Home › By Layer › Governance › 6.18 ReplaySimulator

6.18 ReplaySimulator

Governance Governance Simulate PLANNED Spec ready capital · Indirect P7 · Governance & replay ○ pending stub

Re-runs any historical pipeline trace against the current bot revisions to verify that the outcome would be the same (or to surface changes). Used for regression testing, incident post-mortems, and 'what would have happened' reviews. Runs only on recorded ReportEnvelope streams — never against live state.

v3 readiness

Docs27/27

donehow scored

Impl0/15

pendinghow scored

Backtest0/4

pendinghow scored

Runtime0/8

pendinghow scored

A bot is done when all four scores are. What does done mean?

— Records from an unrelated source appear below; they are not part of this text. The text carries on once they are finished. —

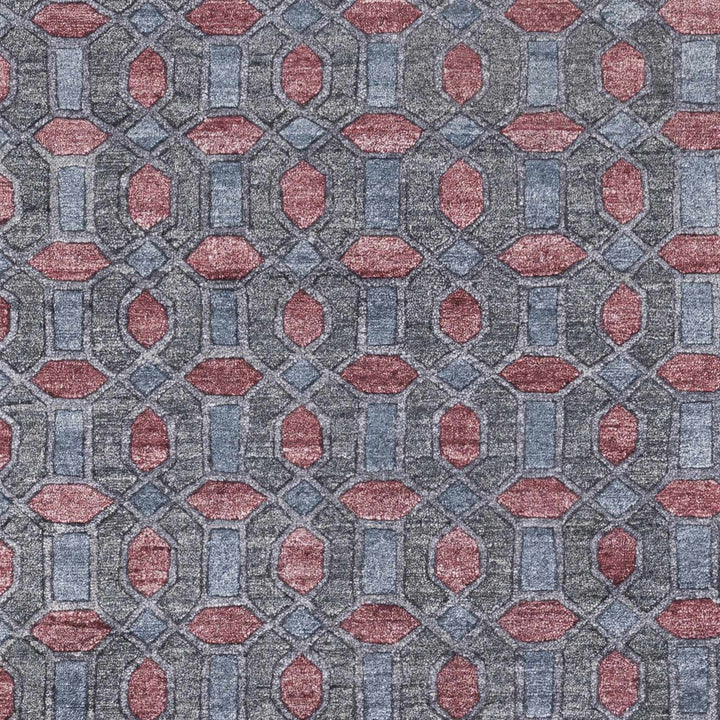 Close-up geometric hand-knotted rug pattern in gray with red and pink details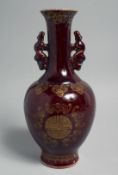 A CHINESE OX BLOOD GLAZE TWIN HANDLE VASE, the body with gilt decoration depicting the longevity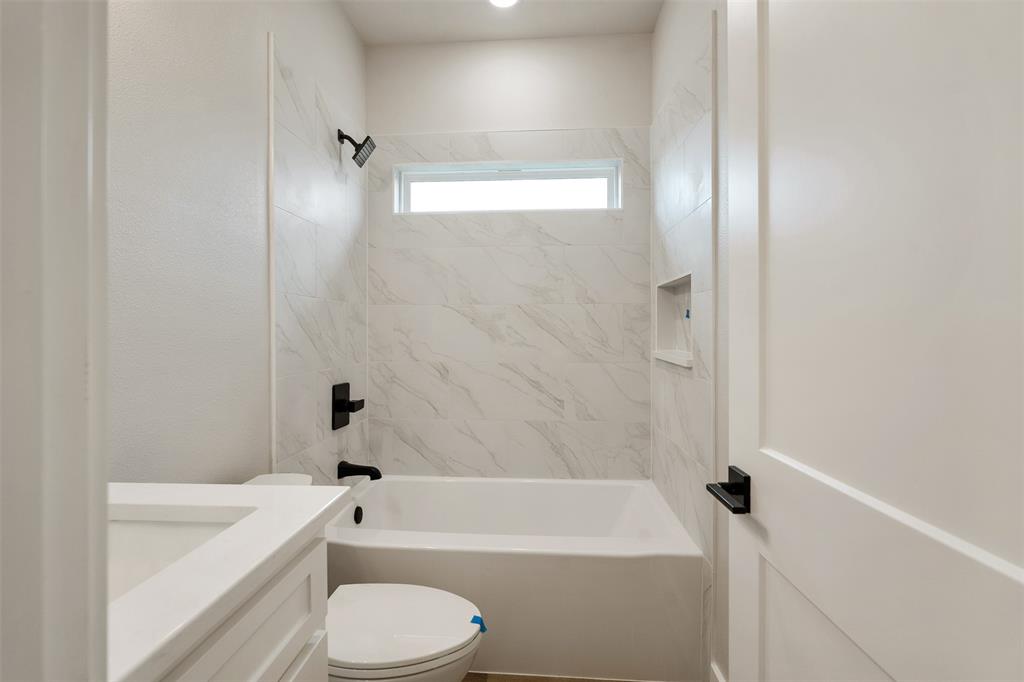 507 Limestone Circle Mabank, TX 75147 - Photo 25 of 36 a bathroom with a bathtub shower sink vanity and toilet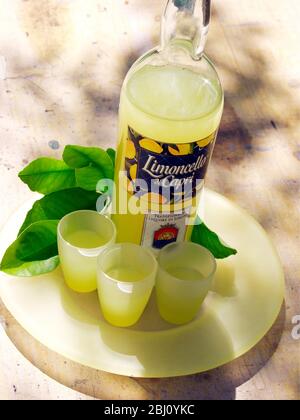Bottiglia di limoncello liquore con tre bicchieri e foglie di limone - Foto Stock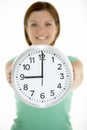 Woman Holding Clock Showing 9 O'Clock Royalty Free Stock Photo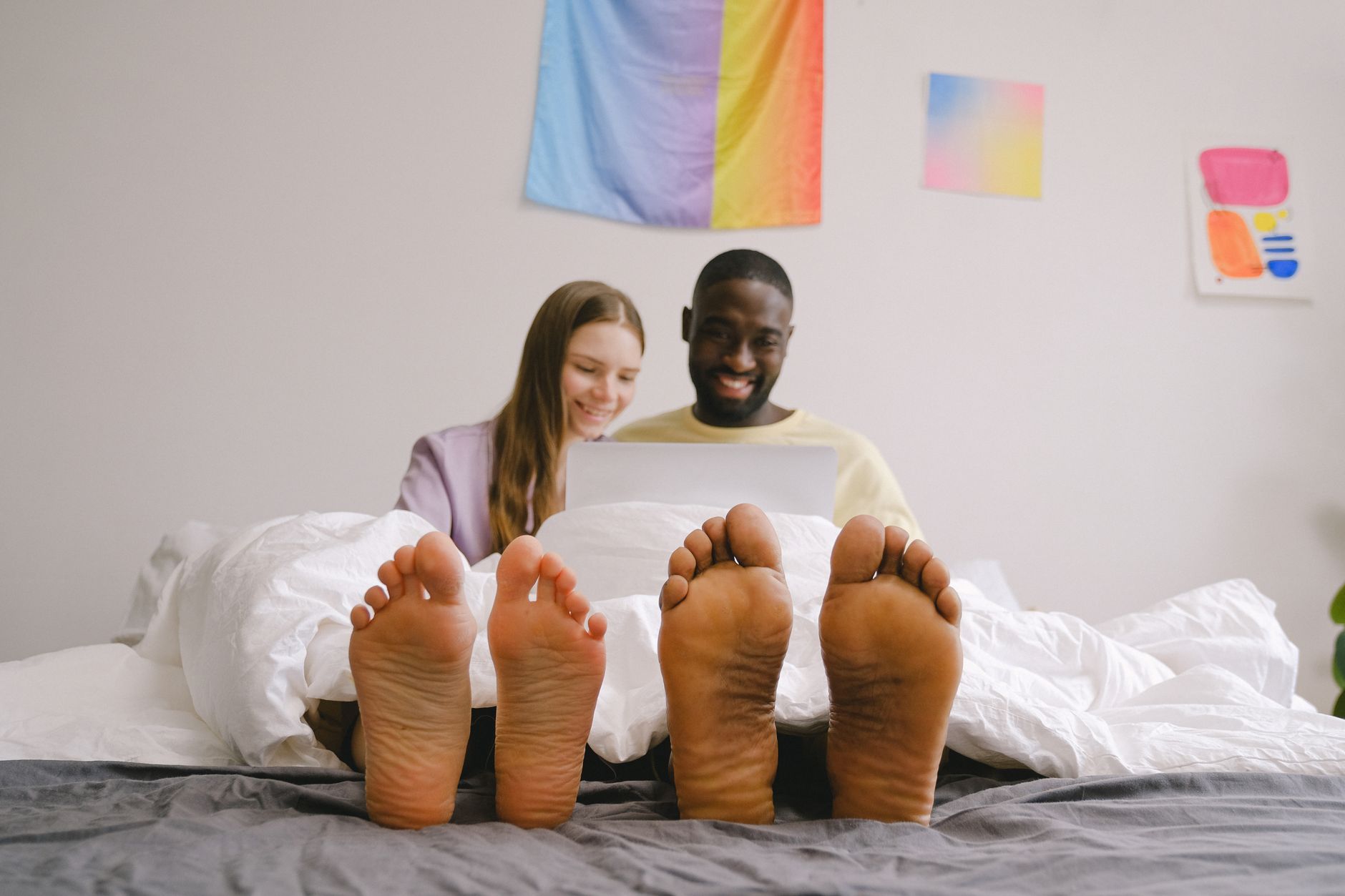 Casal interracial se conectando em ambiente interno, relaxando sob a coberta com laptop, aproveitando um tempo casual juntos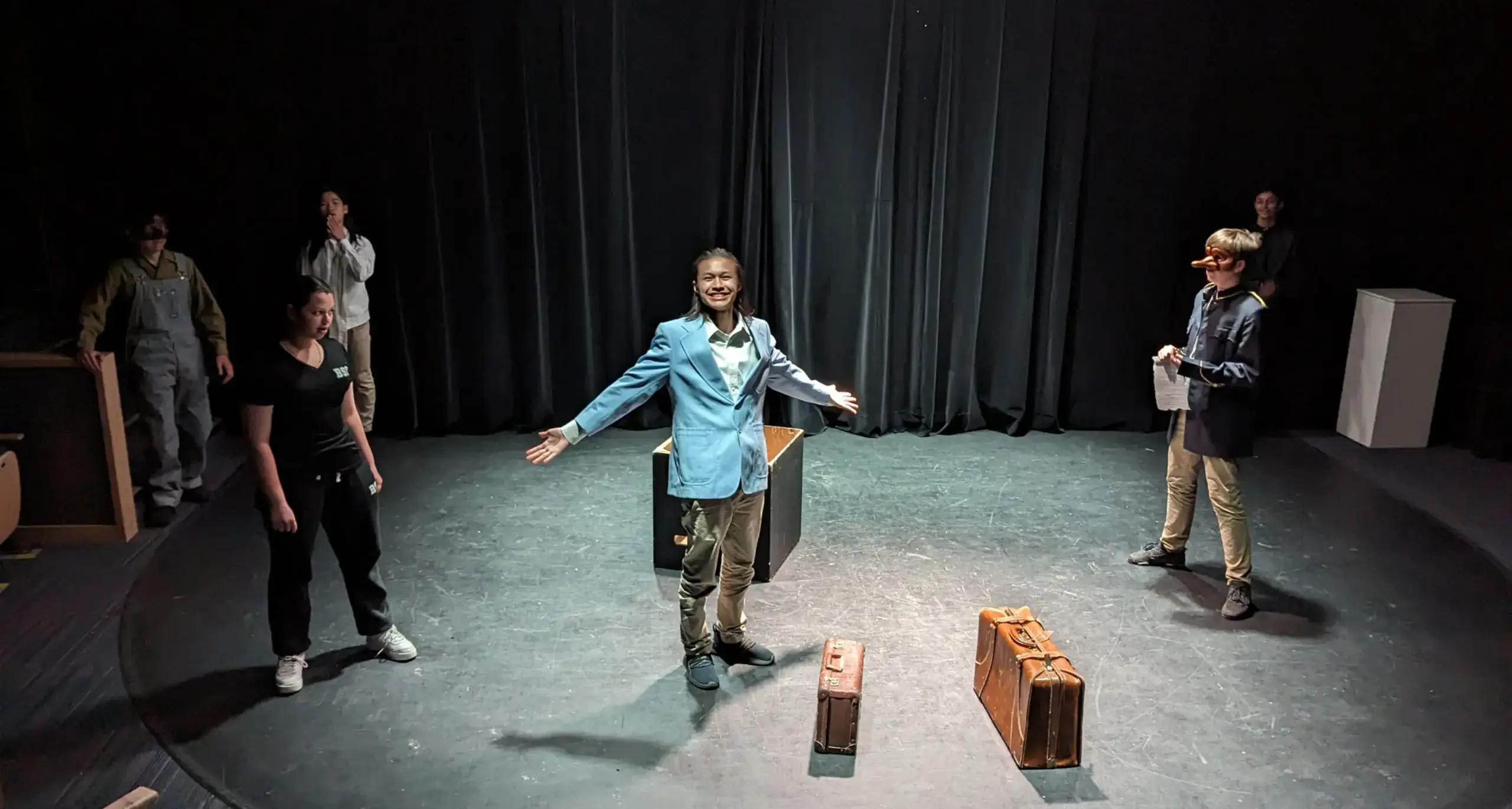 Students Performing in Play on Stage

← 6.17 APIDegradationMonitor 6.19 ConfigDriftDetector →

1. Bot Identity

Layer	Governance Governance
Bot class	Governance
Authority	Simulate
Status	PLANNED
Readiness	Spec ready
Runs before	—
Runs after	—
Applies to	Continuous
Default mode	`shadow`
User-visible	Yes
Developer owner	Governance pod

Operational profile

Ownership	Governance pod · on-call gov-oncall · #polytraders-gov · escalates to Head of Governance · P3
Latency budget	600000ms
Modes supported	offshadowadvisoryenforced
Data freshness	max_market_data_age_ms=0 · max_orderbook_age_ms=0 · on stale → Replay reads only recorded data; live freshness does not apply.
Human override	yes · by Governance on-call · logs GOV_REPLAY_OVERRIDE · time-bound: Single job · scope: Single replay window · single approver

2. Purpose

3. Why This Bot Matters

Regression detection
When a single bot is bumped, the simplest correctness check is to replay yesterday's traffic and diff the outcomes.
Postmortem reproducibility
An incident review that cannot reproduce the exact decision is just speculation.
Promotion gate
Templates require a passing replay against the canonical fixture set before promoting from shadow to advisory.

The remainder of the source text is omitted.